Matt Weinstock -- April 3, 1959
April 3, 2009 | 12:00 pm
Righting of the Left
Not long ago a New York bank announced it had made left-handed checks available to southpaw patrons.
Now Mattell, Inc., the firm on W. 102nd Street which makes toy guns, has come out with a left-handed holster.
Clearly, what we have here is a trend. The way things are going, left-handers, who constitute about 10% of the nation's population, will no longer find themselves frustrated outcasts in a right-handed world.
At least lefties stalking along Dry Gulch Blvd. for the shootdown will have an even break on the draw with right-handed skulkers.
Oh, I tell you, significance is everywhere.
THE DOORBELL rang at a nice home in Brentwood and the lady at the door announced, "I'm the assessor."
FOR HIS first book report, Steven Kruschen, 7, an A-2 at 3rd Street school, chose the child's version of "Noah's Ark" by Tony Palazzo.
One question on the printed sheet asked, "Who was your favorite character?" Steve wrote, "God."
Next question, "Why?" "Because," Steve wrote, he thought the whole thing up."
BACK TO NORMALCY
'Twas the morn after Easter
And all through the news
The headliners were shouting
"Us guys can lick youse."
MENTION HERE of literary coincidences -- use of similar names or situations by fiction writers unknown to each other -- recalled an experience Harold Bell Wright once told Al Ball of Manhattan Beach.
Shortly after Wright's book "When a Man's a Man" was published, a stranger called on him, identified himself as a college professor, and said he had written a play three years before titled "When a Man's a Man." Furthermore, his principal character was Rags -- Wright's was Patches. In addition, he said there were 80 identical situation in the two stories.

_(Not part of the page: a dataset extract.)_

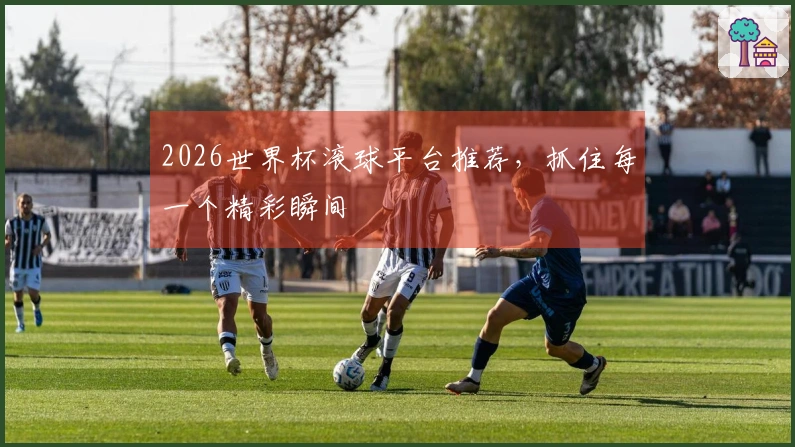 2026世界杯滚球平台推荐，抓住每一个精彩瞬间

Wright could only express amazement.
"How did you do it, Wright?" the stranger went on. "My manuscript has been locked in a safe for three years. No one ever read it but me. It isn't possible."

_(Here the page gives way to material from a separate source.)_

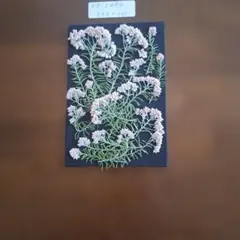No.2064 ◇ 押し花素材　ライスフラワー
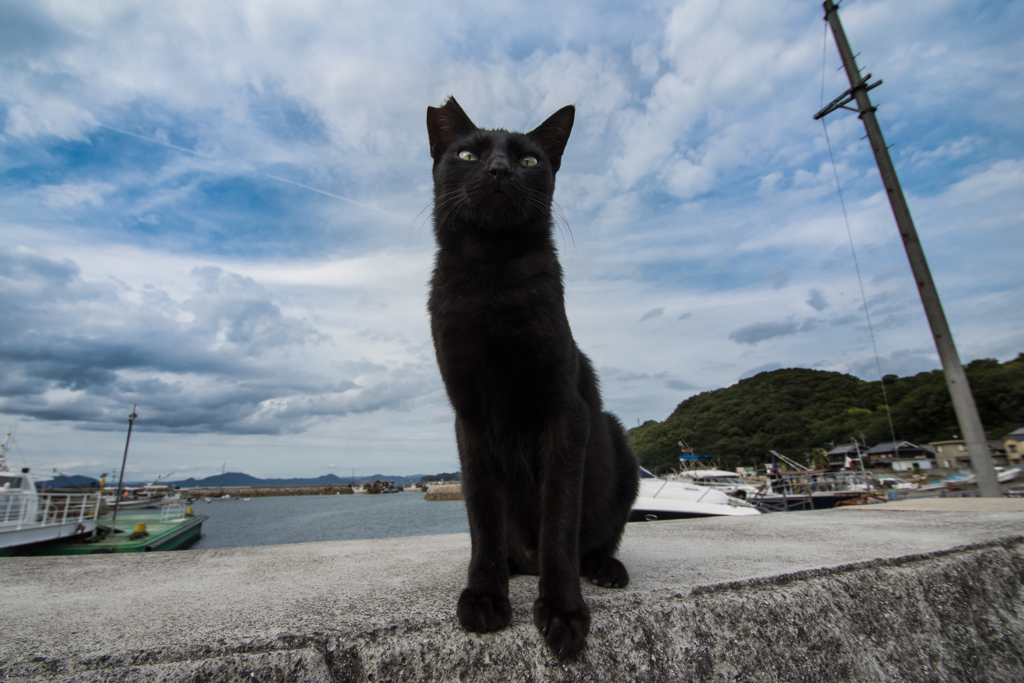 黒いにょろにょろ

He wasn't angry, only baffled. So was Wright.
A LADY NAMED Louise was discussing instant coffee with a friend who had never used it and suggested she try Decaf. "Where do I get Decaf?" the woman asked. "Fromde cow and de bull," responded Louise, a lady of impulse, subject to such whims. Besides, it was a hot day.
THE SOCIETY for Reducing Everything to a Pat, Provocative Phrase will come to order. This remark was heard in the city room: "Can't you see Susan Hayward playing the part of Mrs. Duncan?"
TEN YEARS AGO Pepper Blethen, 9, unaccountably stumbled and fell while running with playmates in Gardena. When it happened again a doctor diagnosed his ailment as progressive muscular dystrophy. He was given only a short time to live.
But life was pleasant to Pepper, even when he was forced to take to a wheelchair and then bed. He was helpless for years and slowly wasted away. But he remained cheerful, buoyed up by his devoted family and well-wishers.
On Tuesday at the age of 19, he died, long beyond the time doctors gave him to live. A funeral Mass was held today at St Antony's Church and his mother thanks all those who have sent him messages of good cheer.